Exercise materials:
◆ ◆ ◆

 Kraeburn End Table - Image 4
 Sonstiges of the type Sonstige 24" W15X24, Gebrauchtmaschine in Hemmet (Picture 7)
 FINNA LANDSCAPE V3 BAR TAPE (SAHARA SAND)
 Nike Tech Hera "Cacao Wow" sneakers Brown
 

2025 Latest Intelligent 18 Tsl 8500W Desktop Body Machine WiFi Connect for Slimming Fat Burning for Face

◆ ◆ ◆

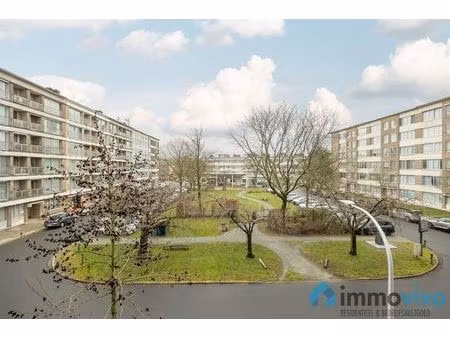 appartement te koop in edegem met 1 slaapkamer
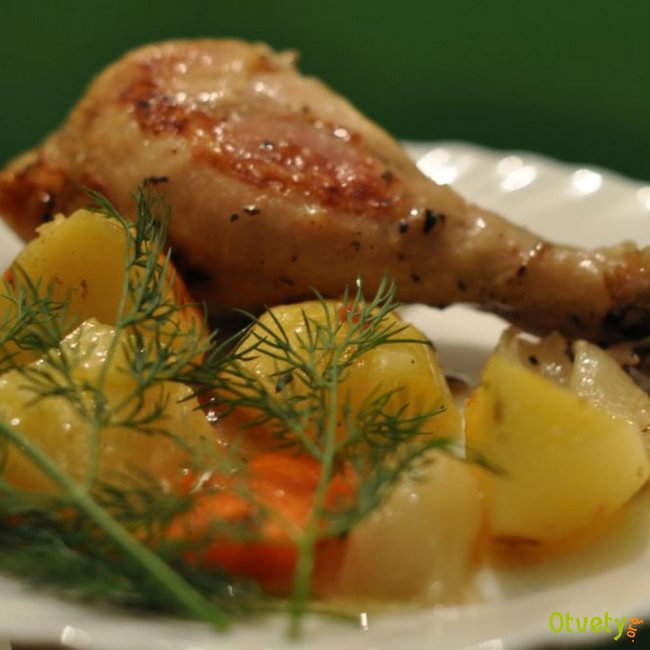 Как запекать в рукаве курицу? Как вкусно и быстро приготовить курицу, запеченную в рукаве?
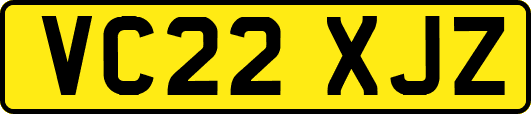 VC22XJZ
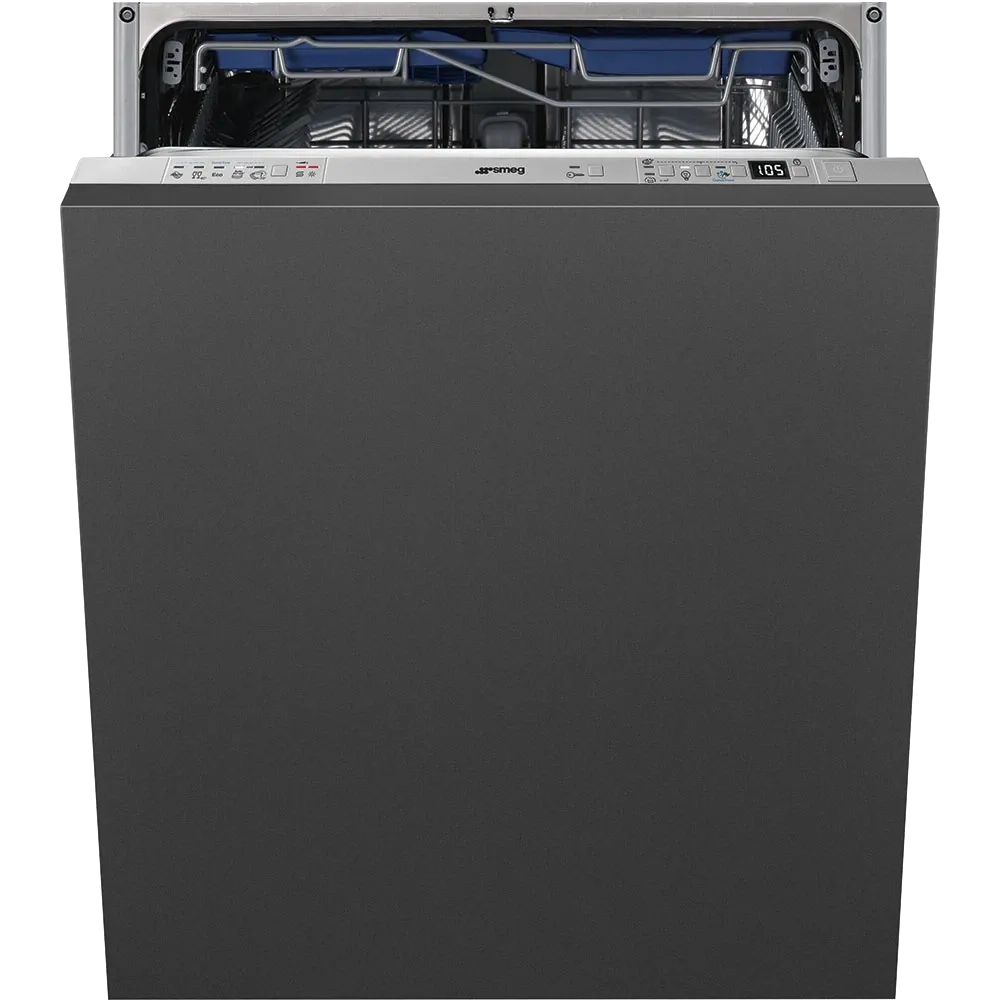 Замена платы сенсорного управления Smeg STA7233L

◆ ◆ ◆

What the exercise asks: Reproduce exactly the stretch of the material above that starts at the line with "Sonstiges of the" and ends at the line with "2025 Latest Intelligent", both included, and nothing else.

Exercise output:
 Sonstiges of the type Sonstige 24" W15X24, Gebrauchtmaschine in Hemmet (Picture 7)
 FINNA LANDSCAPE V3 BAR TAPE (SAHARA SAND)
 Nike Tech Hera "Cacao Wow" sneakers Brown
 

2025 Latest Intelligent 18 Tsl 8500W Desktop Body Machine WiFi Connect for Slimming Fat Burning for Face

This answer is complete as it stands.